On September 6, 1974, two grouse hunters discovered the skeletal remains of Janice Ott and Denise Naslund near a service road in Issaquah, approximately 17 miles east of Seattle.
The two women were believed to have been abducted in broad daylight by the mysterious “Ted” at Lake Sammamish Park.
On the day of the abductions, five female witnesses reported meeting an attractive young man, wearing a white tennis outfit, with his left arm in a sling.
Introducing himself as “Ted,” the man asked for their help in unloading a sailboat from his tan-bronze-colored Volkswagen Beetle. Four women refused, but one accompanied him as far as his car, where she discovered there was no sailboat, and promptly fled.
The story took a dark turn when three witnesses reported seeing “Ted” approach Janice Ott, a probation case worker at the King County Juvenile Court, with the sailboat story. They watched her leave the beach in his company, never to return.
About four hours later, Denise Naslund, a 19-year-old student, left a picnic to go to the restroom and never came back.
The worst part? The deadly abductions had only just begun.

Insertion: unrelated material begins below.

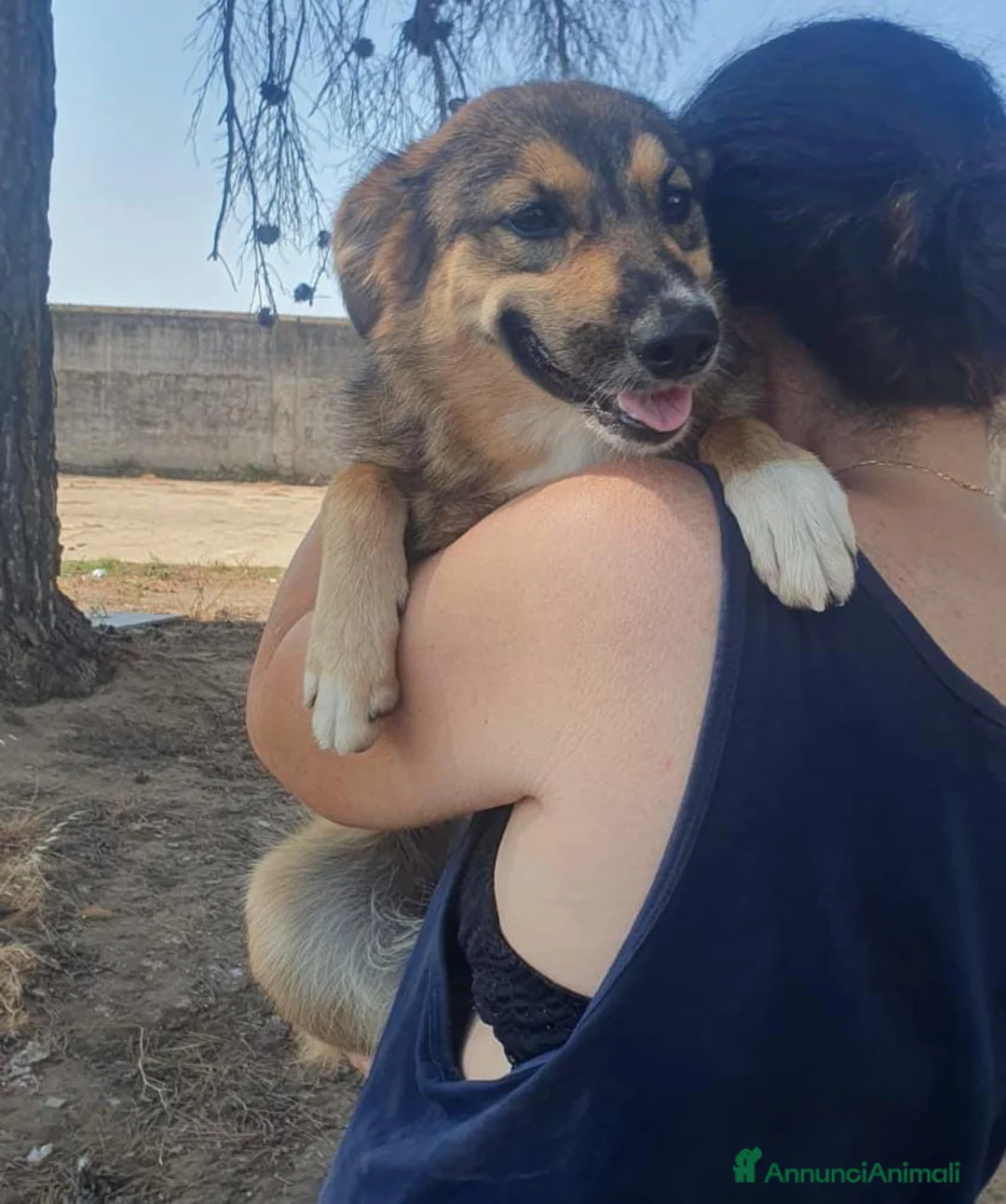 Meticcio cani in regalo: BRENDA 🩷 PRIMA TIMIDA, POI TUTTA COCCOLE a Città Metropolitana di Bologna - Annuncio 2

Six months later, forestry students from Green River Community College discovered the skulls and mandibles of four more women on Taylor Mountain.

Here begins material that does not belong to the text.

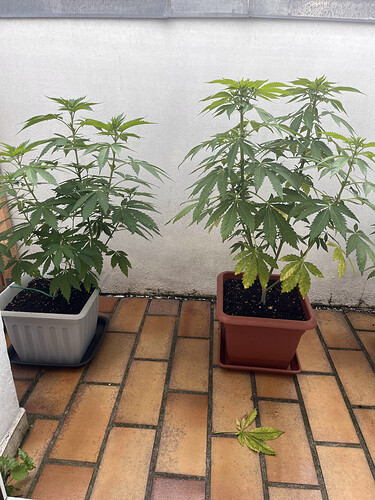 Growreport Bild 5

With a total of six dead bodies found within less than a year, the police could only speculate who they were dealing with.
What they didn’t know was that they were dealing with a cold-blooded killer, capable of killing more than 30 women. A killer who revisited his crime scenes to violate their corpses until putrefaction forced him to stop.

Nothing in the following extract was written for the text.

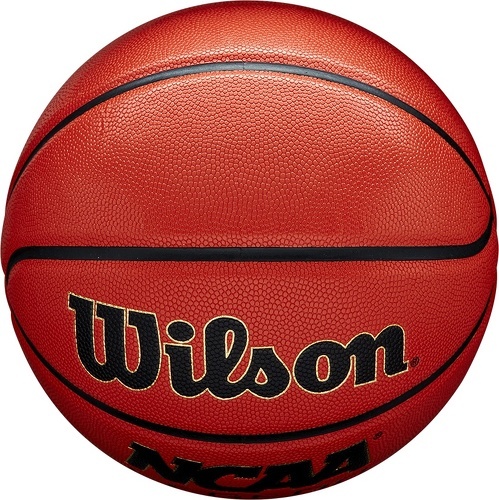 WILSON-Ballon De Ball Wilson Ncaa Legend T5-4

They were dealing with Ted Bundy — a two-dimensional villain, a pop culture phenomenon, concealing himself behind the facade of a brilliant monster who seduced women and deceived investigators.
With the execution date nearing and the hopes of overturning it fading, Ted Bundy agreed to talk to the investigators about his murders.
“He described the Issaquah crime scene [where the bones of Ott, Naslund, and Hawkins were found], and it was almost like he was just there”, detective Bob Keppel said.
“Like he was seeing everything. He was infatuated with the idea because he spent so much time there. He is just totally consumed with murder all the time.”